La Croix, 30 juillet 2021, Caroline Vinet, image: Reuters
La Turquie construit actuellement un mur à sa frontière avec l’Iran pour empêcher le passage des migrants. Alors que les talibans menacent de reprendre le pouvoir en Afghanistan, Ankara craint – et anticipe – une nouvelle vague migratoire d’Afghans sur son sol.
Bloc de béton après bloc de béton, le gigantesque mur prend forme. Planté à la frontière entre l’Iran et la Turquie, le long de la province de Van, il devrait mesurer à terme 295 kilomètres de long pour 3 mètres de hauteur. Un monstre de béton surplombé de barbelés et précédé d’une large tranchée pour prévenir ce qu’Ankara anticipe comme une nouvelle vague migratoire massive venue cette fois-ci d’Afghanistan.
Le retrait des troupes américaines et la montée en puissance des talibans ont précipité l’exode de nombreux Afghans fuyant les combats. Début juillet déjà, entre 500 et 1 000 Afghans – pour la plupart des hommes de 16 à 25 ans – arrivaient illégalement chaque jour en Turquie via l’Iran, selon les informations du média turc T24. La tendance devrait s’accélérer dans les prochaines semaines.
Début de l’exode des Afghans
« Les avions au départ de Kaboul sont pleins », raconte la chercheuse et co-fondatrice du centre de recherches Samuel Hall basé à Kaboul, Nassim Majidi. « La classe moyenne part par voie aérienne, et ceux qui n’ont pas les moyens prennent la route vers le Pakistan ou l’Iran », passage obligé pour se rendre en Turquie avant d’espérer, peut-être, rejoindre l’Europe.
L’Iran a longtemps accueilli les exilés afghans, leur octroyant le statut de réfugié.
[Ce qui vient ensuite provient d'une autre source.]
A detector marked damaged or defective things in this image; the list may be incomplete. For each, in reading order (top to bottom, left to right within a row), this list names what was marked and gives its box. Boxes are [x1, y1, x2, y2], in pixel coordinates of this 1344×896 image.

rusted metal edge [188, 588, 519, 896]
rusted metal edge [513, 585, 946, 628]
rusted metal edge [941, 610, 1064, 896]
Mais là encore, la situation s’est dégradée ces dernières années sous le coup des sanctions américaines. « On observe de plus en plus de familles afghanes quitter l’Iran où elles ont vécu et grandi pour aller en Turquie, et quand elles se font arrêter à la frontière turque on leur enlève leurs papiers de réfugiés avant de les expulser vers l’Afghanistan », déplore Nassim Majidi.
La Turquie, garde-frontière de l’Europe
Les exilés afghans n’ont pas les mêmes droits que leurs homologues syriens en Turquie : ils ne bénéficient ni du statut de réfugié, ni d’un accès encadré à l’aide sociale et humanitaire. De fait, ils constituent la majorité des migrants sans-papiers dans le pays. Estimés à 800 000, ils représentent la deuxième nationalité de migrants en Turquie derrière les Syriens (3,7 millions).
Si les autorités turques assurent ne pas enregistrer d’augmentation du nombre d’Afghans sur son territoire, la situation est prise très au sérieux. Mercredi 28 juillet, les garde-côtes turcs ont annoncé l’arrestation de plus de 200 migrants irréguliers – la plupart de nationalité afghane et syrienne – qui s’apprêtaient à prendre la mer pour rejoindre la Grèce. Soit le groupe le plus important de migrants irréguliers arrêtés depuis le début de l’année.
Ankara aimerait réviser l’accord migratoire qu’elle a signé avec l’UEen 2016. « La Turquie ne sera ni le garde-frontière, ni le camp de réfugiés de l’Union européenne », a vertement réagi le ministère des Affaires étrangères après que le chancelier conservateur autrichien Sebastian Kurz a assuré, dimanche 25 juillet, que la Turquie était « un lieu plus adapté » que les pays européens pour les réfugiés afghans.